また、事件のあったSアミーユ川崎幸町は、夜勤5回、精勤手当、日祝手当等込みで月給20万1,700円から、賞与は2ヶ月という条件ですが、介護職員として無資格・未経験でも応募が可能でした。そして、平成27年8月末時点で常勤の介護職員数は29人でしたが、平成26年度に11人が会社を辞め、7人が系列施設へ異動したため、常勤職員の6割ほどが1年で入れ替わったことになります。

ところが驚くべきことに、週刊ダイヤモンド編集部発行の「全国・有料老人ホームランキング1001」には、事件のあったSアミーユ川崎幸町の系列の老人ホーム、4施設が同点で10位にランクインしています。何を信じて高齢者福祉施設を選ぶのか、利用者が判断するモノサシが必要です。いささか違うかもしれませんが、進学の際には学校の偏差値がひとつの目安になります。
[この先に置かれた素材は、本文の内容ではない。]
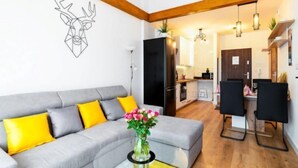 A modern living room with a grey sofa, yellow cushions, a glass coffee table, and a vase with flowers. There is a kitchen in the background with wooden flooring and a dining area with black chairs.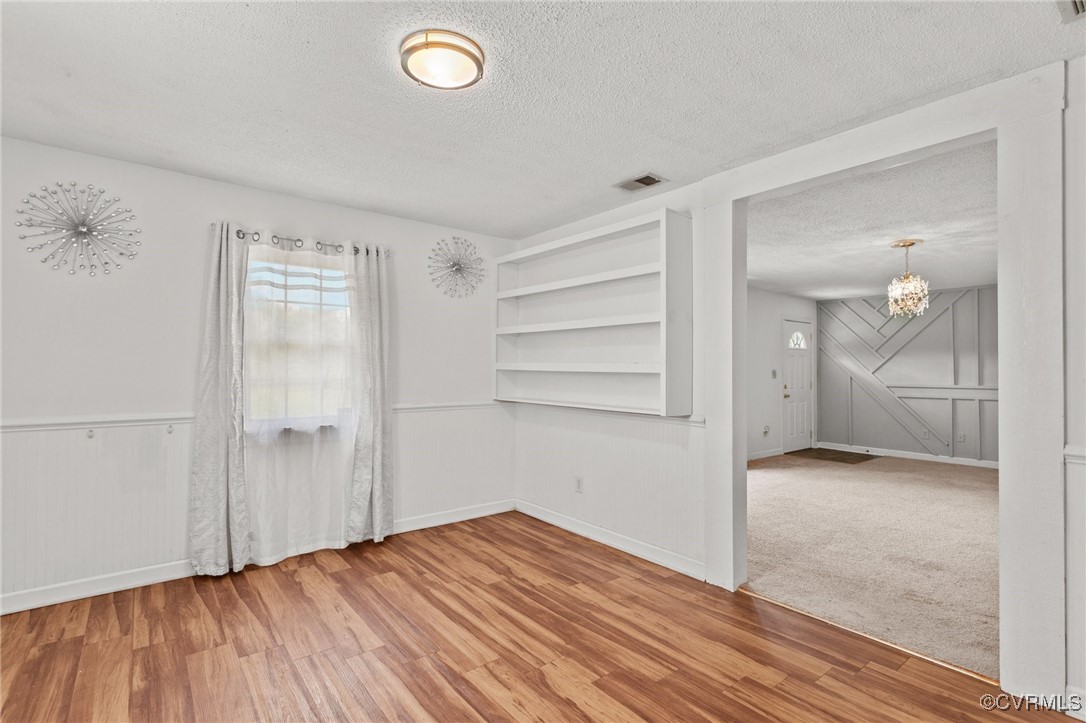 11021 Cosby Mill Road Quinton, VA 23141 - Photo 27 of 43 Empty room featuring a textured ceiling, carpet fl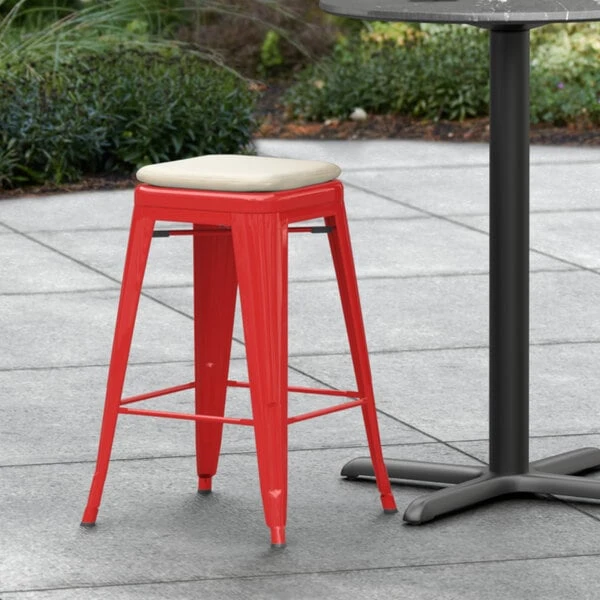 LT&S Alloy Series Lancaster Table & Seating Alloy Series Red Stackable Metal Indoor / Outdoor Industrial Cafe Counter Height Stool With Tan Fabric Magnetic Cushion 1 LT&S Alloy Series Lancaster Table & Seating Alloy Series Red Stackable Metal Indoor / Outdoor Industrial Cafe Counter Height Stool With Tan Fabric Magnetic Cushion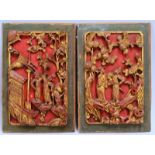 2 antike Holzschnitzereien - aus Kassetten von Schranktüren gefertig, mehrfarbig/goldgef.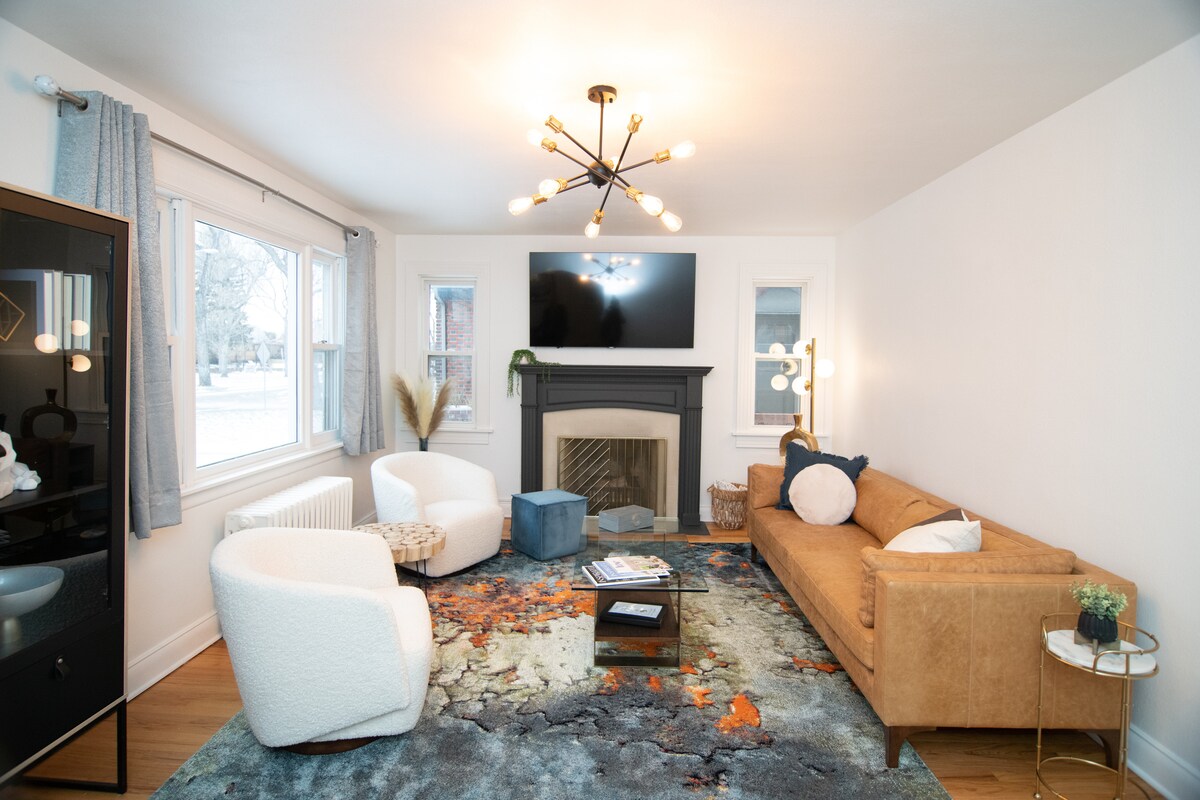 The living area features a modern design with a cozy sofa and two accent chairs positioned around a coffee table. A decorative area rug lies on the hardwood floor, and a large TV is mounted above a stylish fireplace. Natural light filters through multiple windows.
同様に高齢者福祉施設などにも、それぞれの施設を客観的基準により評価し、それが利用者に分かるようにしなければなりません。

現在、国のガイドラインに基づき、千葉県などの都道府県において、事業者が提供する福祉サービスの質を、事業者および利用者以外の公正・中立な民間の第三者機関が、専門的かつ客観的立場から評価するという「福祉サービス第三者評価」の制度があります。それは事業者のサービス向上のための支援と利用者への情報提供になっており、それ相応に役立っていますが、問題点もいくつかあります。先ず事業者が第三者機関の評価を受けるのは任意であるため、良質なサービスを提供できない事業所は評価を受けない。事業所の管理者が立会いのもとでの調査となるため、日常のサービスと違う可能性がある。利用者が評価結果を見たときに分かりづらいなどが挙げられます。しかし、せっかくこのような制度があるのですから、評価を受けるのは任意ではなく義務付ける。ランキングを付け公表する。など、「福祉サービス第三者評価」の問題点を改善・改良し、皆さまに広く周知できるようにしたいと考えています。